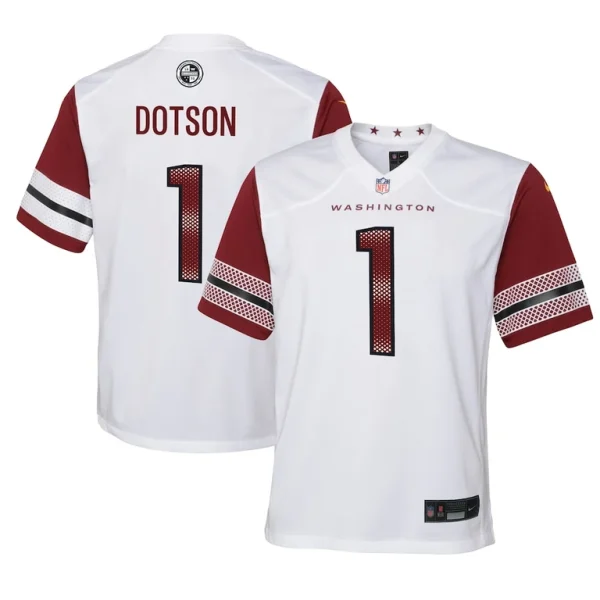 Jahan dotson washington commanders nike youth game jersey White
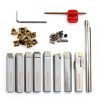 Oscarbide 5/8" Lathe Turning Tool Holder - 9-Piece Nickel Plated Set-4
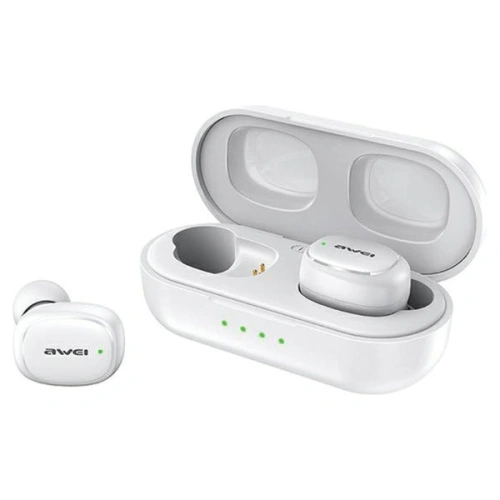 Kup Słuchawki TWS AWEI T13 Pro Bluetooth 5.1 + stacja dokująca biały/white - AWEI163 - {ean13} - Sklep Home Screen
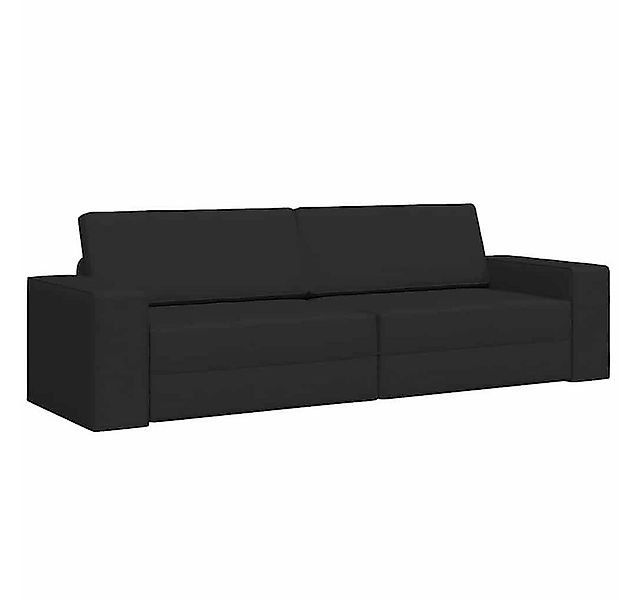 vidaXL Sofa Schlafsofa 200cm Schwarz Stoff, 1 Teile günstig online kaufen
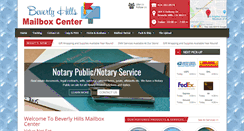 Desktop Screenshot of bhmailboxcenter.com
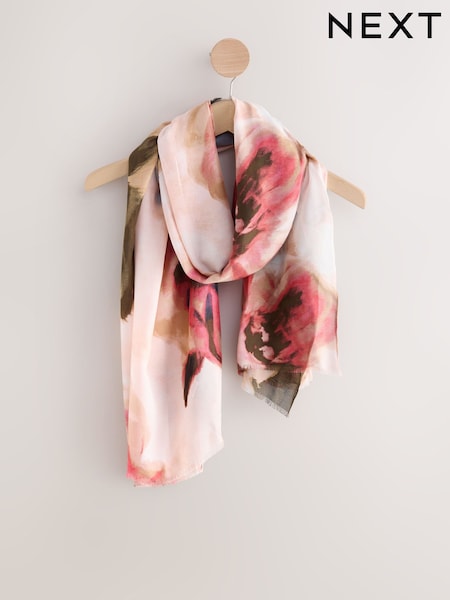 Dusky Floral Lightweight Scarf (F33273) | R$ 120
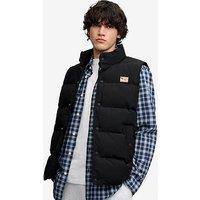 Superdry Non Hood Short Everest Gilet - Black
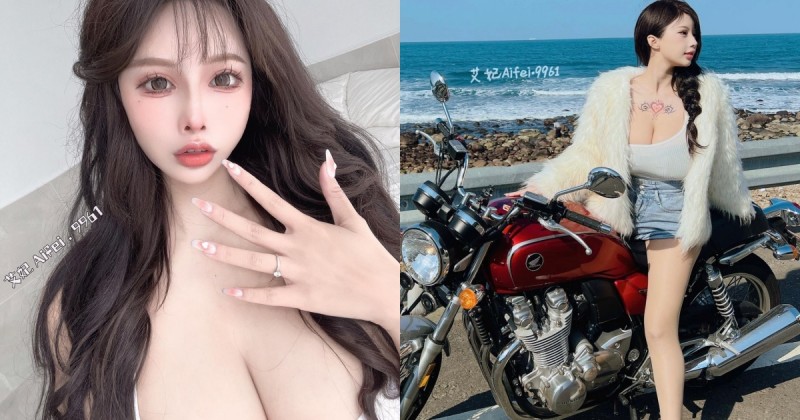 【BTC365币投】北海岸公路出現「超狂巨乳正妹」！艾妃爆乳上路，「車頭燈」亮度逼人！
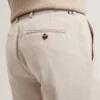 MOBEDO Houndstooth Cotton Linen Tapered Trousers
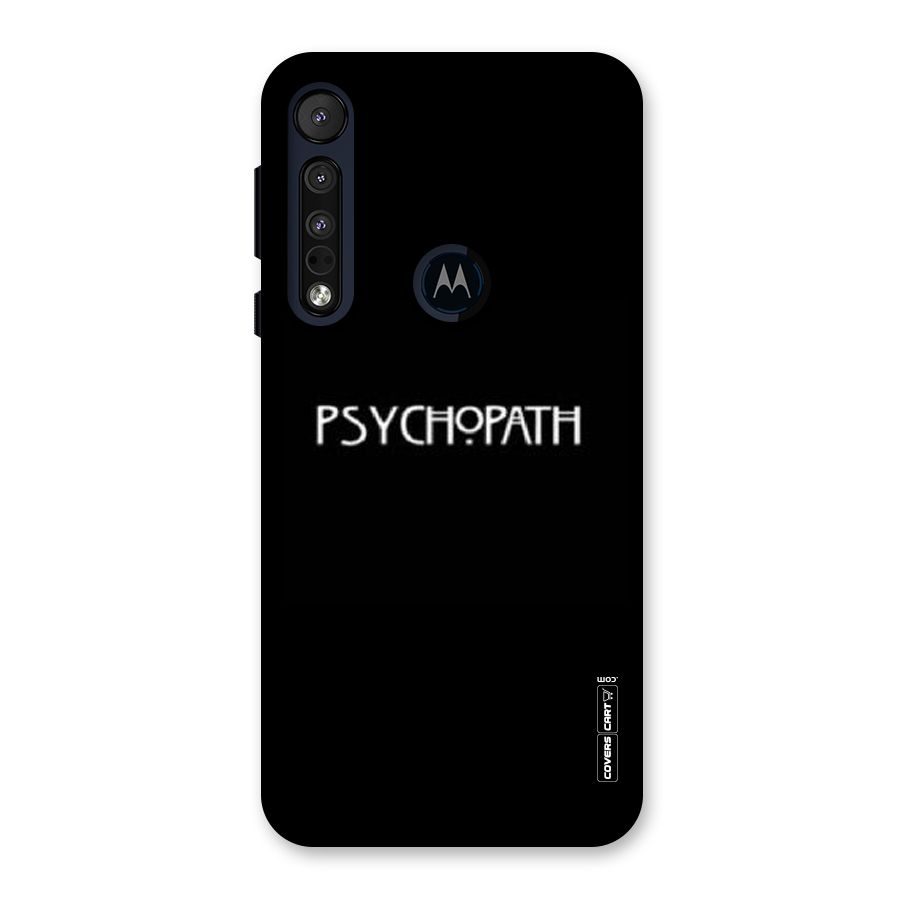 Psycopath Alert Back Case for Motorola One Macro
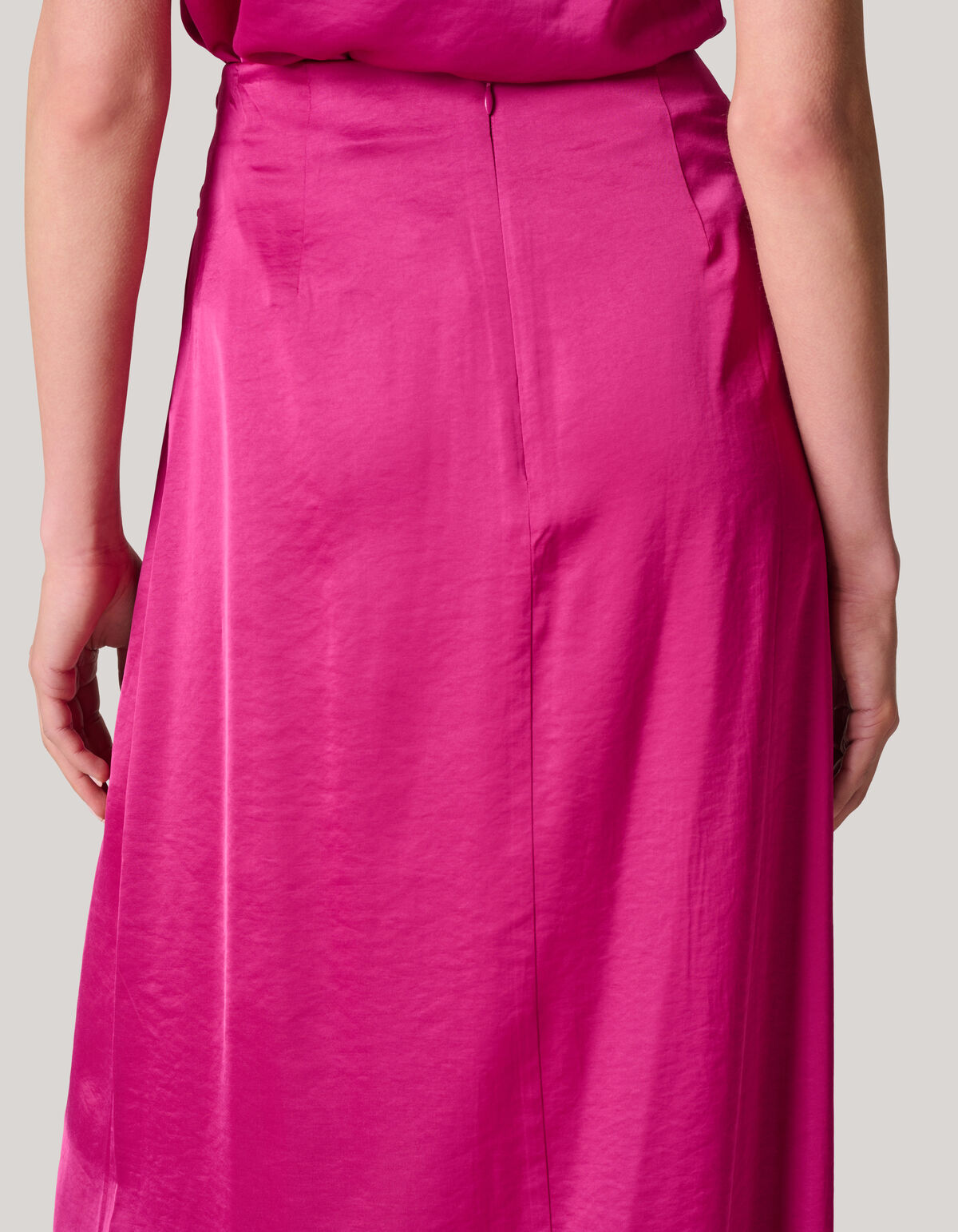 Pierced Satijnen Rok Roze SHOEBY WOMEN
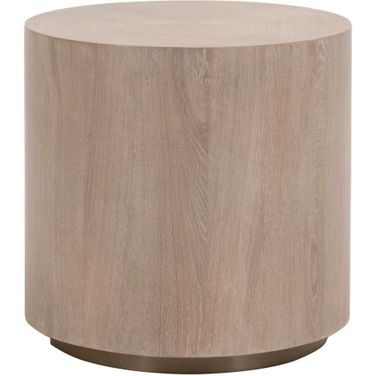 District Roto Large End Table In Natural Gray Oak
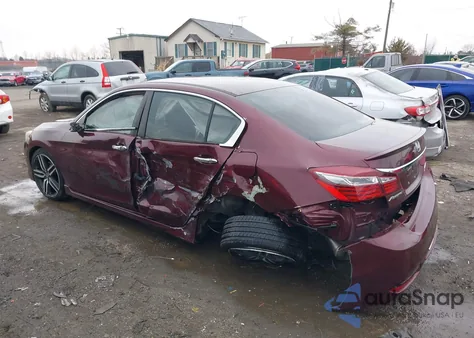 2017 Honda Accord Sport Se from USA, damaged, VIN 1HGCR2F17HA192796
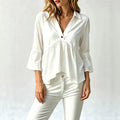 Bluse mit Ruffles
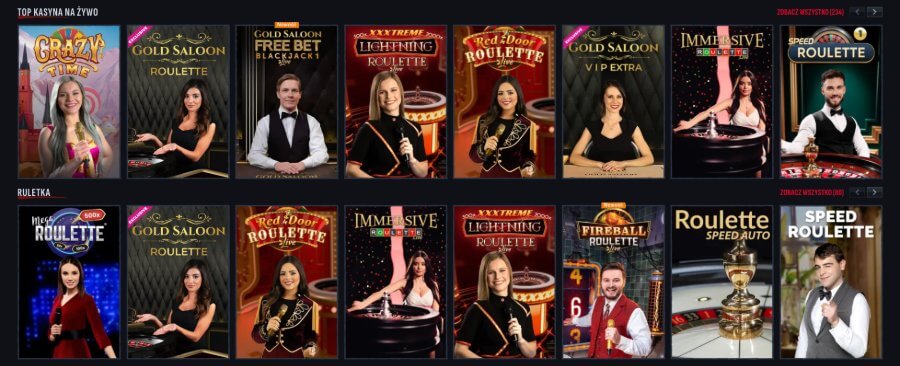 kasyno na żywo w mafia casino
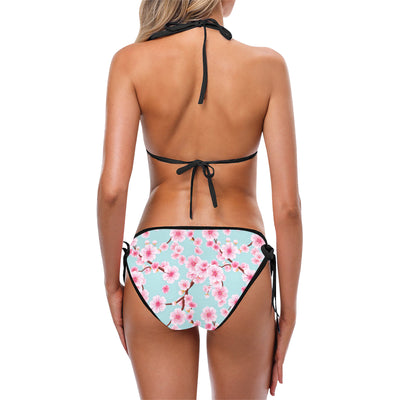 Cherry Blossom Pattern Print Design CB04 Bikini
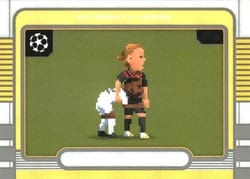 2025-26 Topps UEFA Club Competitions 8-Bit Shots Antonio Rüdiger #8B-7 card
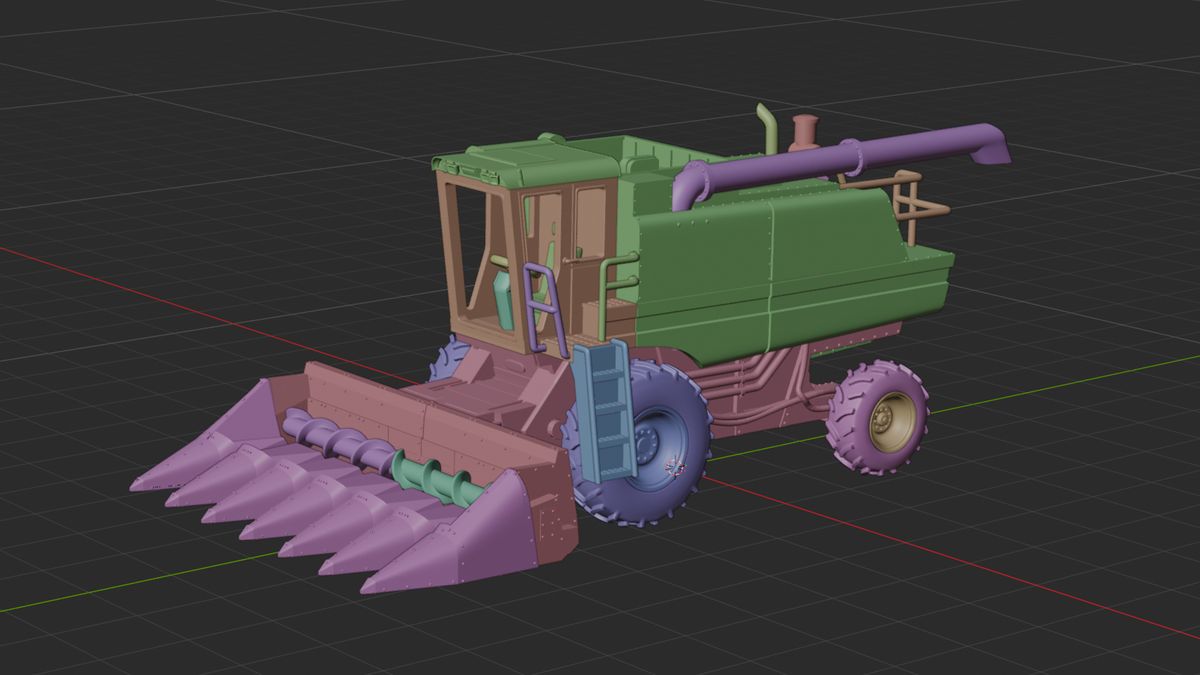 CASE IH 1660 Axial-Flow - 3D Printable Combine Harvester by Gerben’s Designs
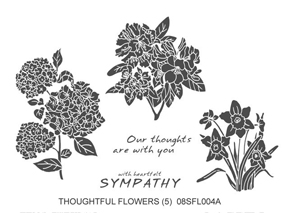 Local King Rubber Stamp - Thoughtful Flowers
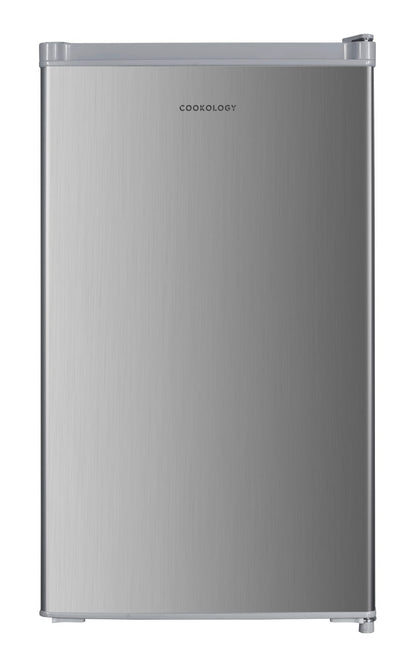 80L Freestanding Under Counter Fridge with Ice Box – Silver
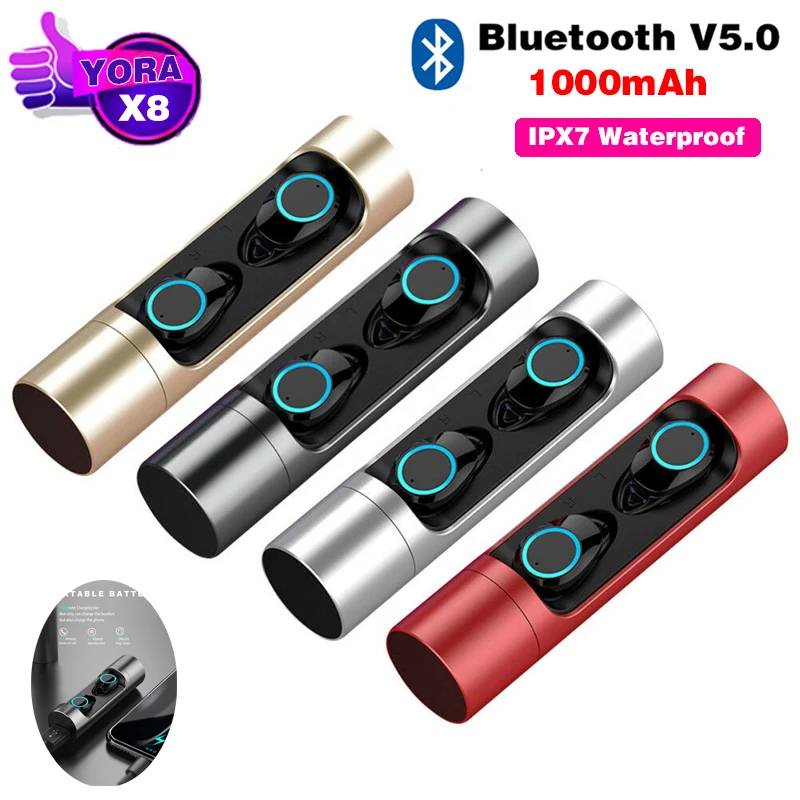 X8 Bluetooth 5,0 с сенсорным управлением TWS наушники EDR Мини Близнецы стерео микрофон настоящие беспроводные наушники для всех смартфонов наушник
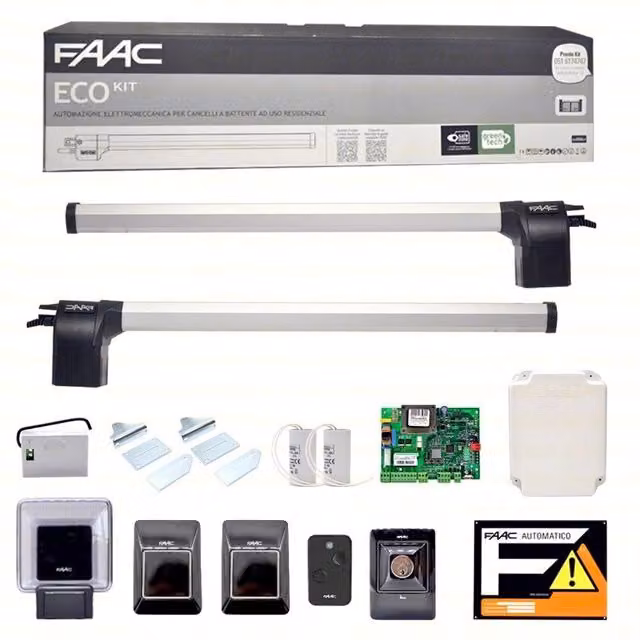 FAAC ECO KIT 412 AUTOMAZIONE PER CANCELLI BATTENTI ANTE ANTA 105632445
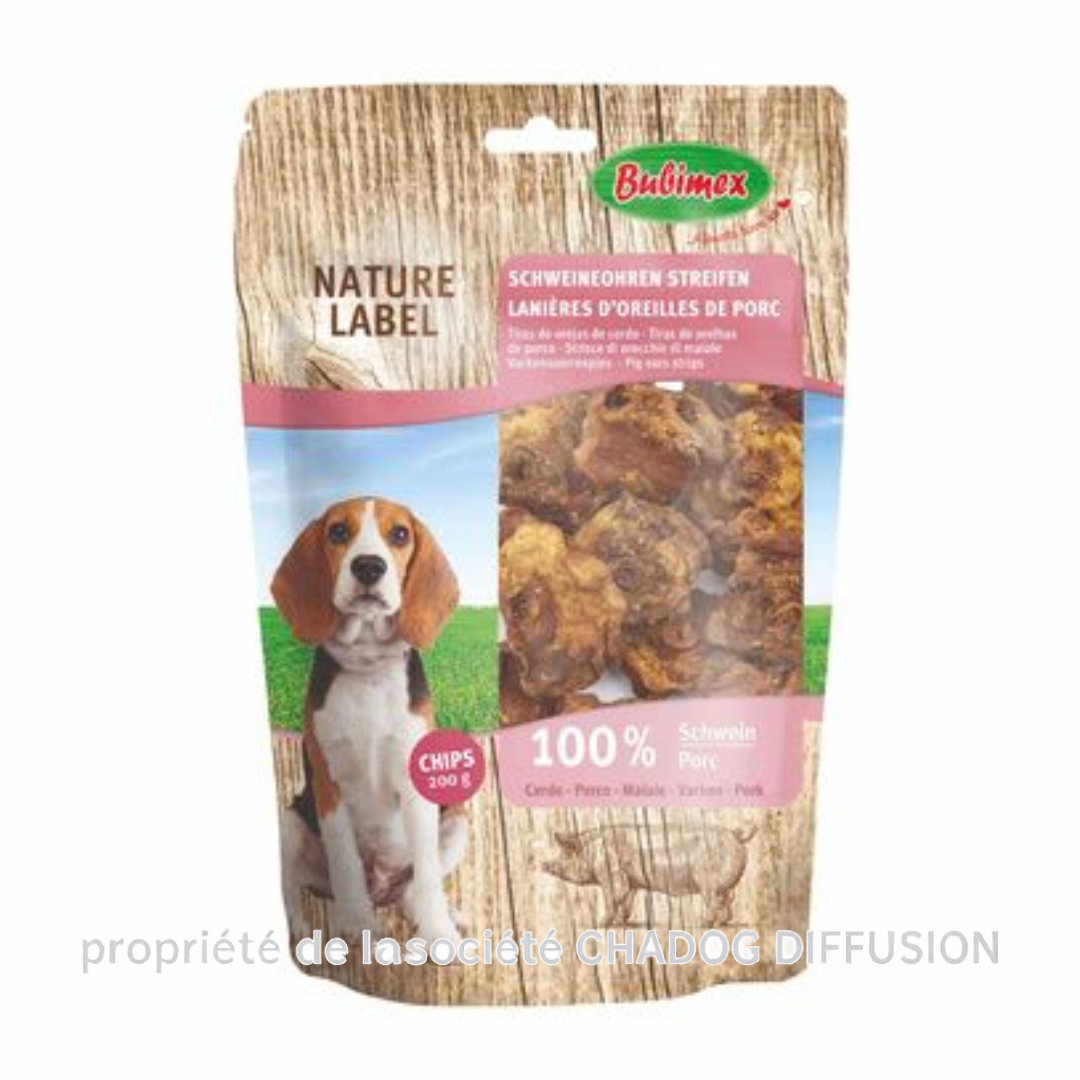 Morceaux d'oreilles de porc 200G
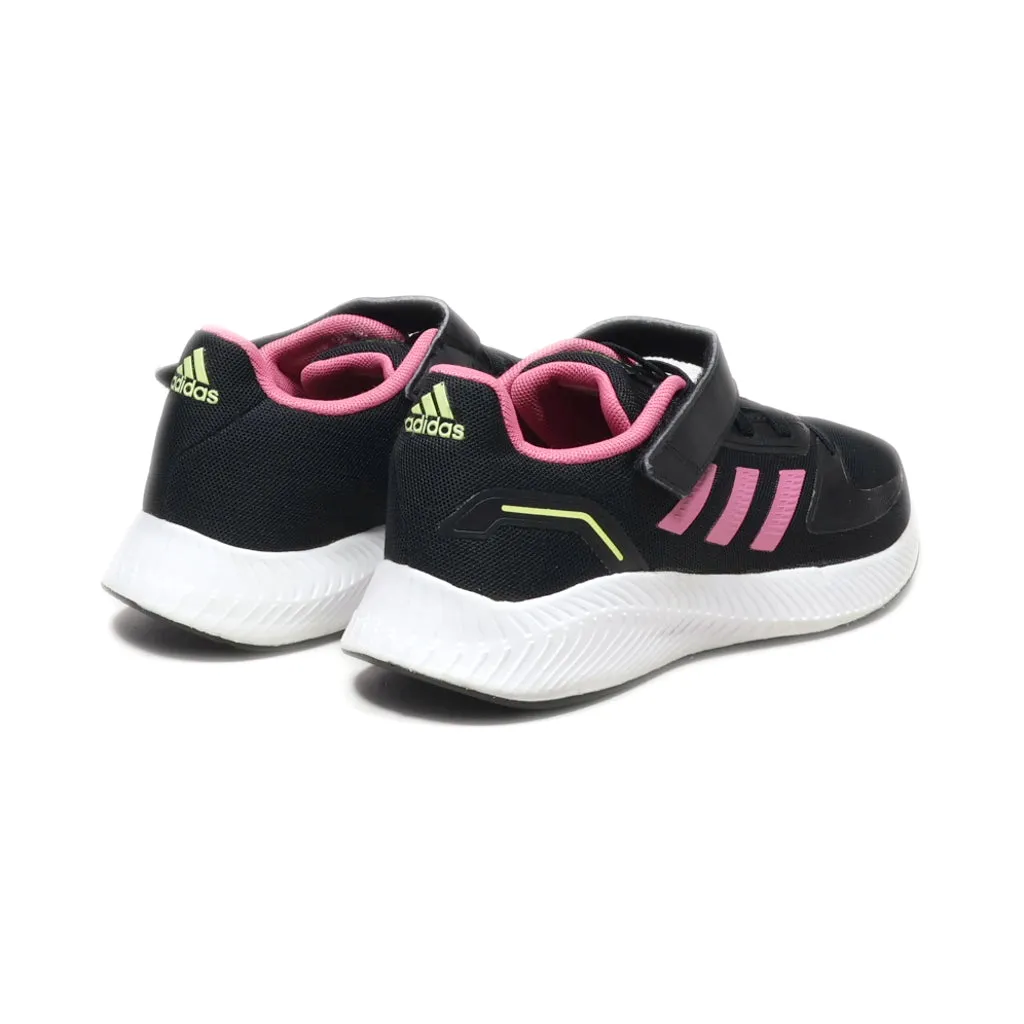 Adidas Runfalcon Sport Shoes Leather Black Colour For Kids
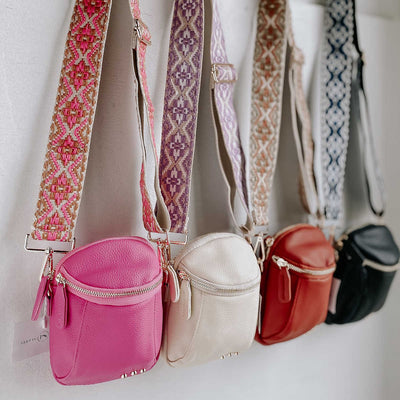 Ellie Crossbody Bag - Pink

..............................

Please make an exact copy of the records, leaving out any picture.

* **RESPONSE TO THE EXERCISE**:
 Jahan dotson washington commanders nike youth game jersey White
 Oscarbide 5/8" Lathe Turning Tool Holder - 9-Piece Nickel Plated Set-4
 Kup Słuchawki TWS AWEI T13 Pro Bluetooth 5.1 + stacja dokująca biały/white - AWEI163 - {ean13} - Sklep Home Screen
 vidaXL Sofa Schlafsofa 200cm Schwarz Stoff, 1 Teile günstig online kaufen
 Desktop Screenshot of bhmailboxcenter.com
 Dusky Floral Lightweight Scarf (F33273) | R$ 120
 Superdry Non Hood Short Everest Gilet - Black
 【BTC365币投】北海岸公路出現「超狂巨乳正妹」！艾妃爆乳上路，「車頭燈」亮度逼人！
 MOBEDO Houndstooth Cotton Linen Tapered Trousers
 Psycopath Alert Back Case for Motorola One Macro
 Pierced Satijnen Rok Roze SHOEBY WOMEN
 District Roto Large End Table In Natural Gray Oak
 2017 Honda Accord Sport Se from USA, damaged, VIN 1HGCR2F17HA192796
 Bluse mit Ruffles
 kasyno na żywo w mafia casino
 Cherry Blossom Pattern Print Design CB04 Bikini
 2025-26 Topps UEFA Club Competitions 8-Bit Shots Antonio Rüdiger #8B-7 card
 CASE IH 1660 Axial-Flow - 3D Printable Combine Harvester by Gerben’s Designs
 Local King Rubber Stamp - Thoughtful Flowers
 80L Freestanding Under Counter Fridge with Ice Box – Silver
 X8 Bluetooth 5,0 с сенсорным управлением TWS наушники EDR Мини Близнецы стерео микрофон настоящие беспроводные наушники для всех смартфонов наушник
 FAAC ECO KIT 412 AUTOMAZIONE PER CANCELLI BATTENTI ANTE ANTA 105632445
 Morceaux d'oreilles de porc 200G
 Adidas Runfalcon Sport Shoes Leather Black Colour For Kids
 Ellie Crossbody Bag - Pink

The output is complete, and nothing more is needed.